Rückblickend nach dem Erscheinen des Romans Malina (1971) hat die Autorin den "Einmarsch von Hitlers Truppen in Klagenfurt" (im Rahmen des ›Anschlusses‹ Österreichs an das Deutsche Reich am 12.  März 1938) symbolisch zum biographischen Ausgangspunkt ihres Schreibens erklärt und als "einen zu frühen Schmerz" bezeichnet, mit dem ihre "Erinnerung" anfange. Mit dieser Pointierung unterstreicht sie die moralische Verpflichtung und zeitkritische Ausrichtung ihres literarischen Werks als ein "Schreiben gegen den Krieg" (Höller 2004), das seine "Problemkonstanten" in der Auseinandersetzung mit den Verflechtungen von ›kleiner‹ und "großer GESCHICHTE" (TKA 1, 53), Individual- und Zeitgeschichte im Zeichen gesellschaftlicher Gewalt findet. 

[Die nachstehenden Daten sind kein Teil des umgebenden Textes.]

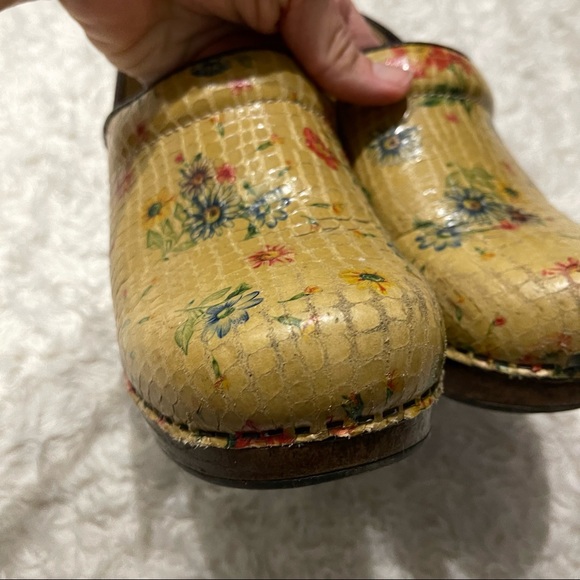 Dansko Professional Clog- Yellow Floral Gator - Picture 4 of 9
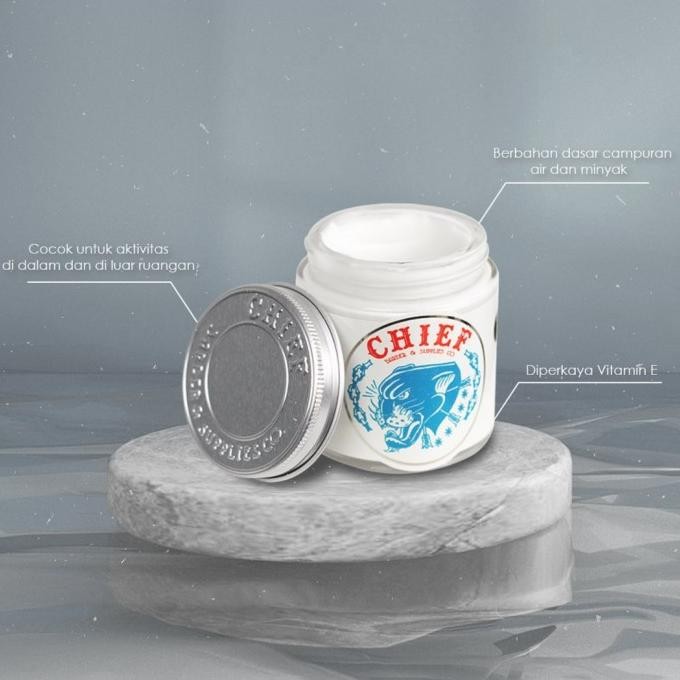 

Produk Baru!! CHIEF POMADE HYBRID UNORTHODOX 105GR GRATIS SISIR + PULPEN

Bachmann beginnt schon als Schülerin in Klagenfurt zu schreiben, bis ihr nach ihrem ersten, in Innsbruck und Graz verbrachten Studienjahr (1945/46) mit der Erzählung Die Fähre schließlich die erste Veröffentlichung gelingt. Im September 1946 vollzieht sie den eigentlichen Aufbruch aus der Provinz, indem sie ihr Studium der Philosophie (mit den Nebenfächern Germanistik und Psychologie) in Wien fortsetzt, wo sie zugleich den Kontakt zur Wiener Literaturszene sucht. Aufgrund der offiziellen Anerkennung Österreichs durch die Alliierten als das ›erste Opfer Hitler-Deutschlands‹ konnte das literarische Leben in Wien nach 1945 unmittelbarer als in Deutschland an die Vorkriegszeit anknüpfen, und so haben Repräsentanten der älteren Autorengeneration wie Heimito von Doderer (1896-1966) und jüdische Remigranten wie Hermann Hakel (1911-1987) und Hans Weigel (1908-1991) an Bachmanns literarischem Debüt in den Publikationsorganen der Wiener Nachkriegsliteratur wesentlichen Anteil. Das Jahr 1949 markiert mit Bachmanns Dissertation über Die kritische Aufnahme der Existentialphilosophie Martin Heideggers nicht nur den Abschluss des Studiums, sondern auch die Professionalisierung ihrer schriftstellerischen Arbeit durch die Veröffentlichung erster Gedichte in der Zeitschrift Lynkeus und einer Reihe von Erzählungen in der Wiener Tageszeitung.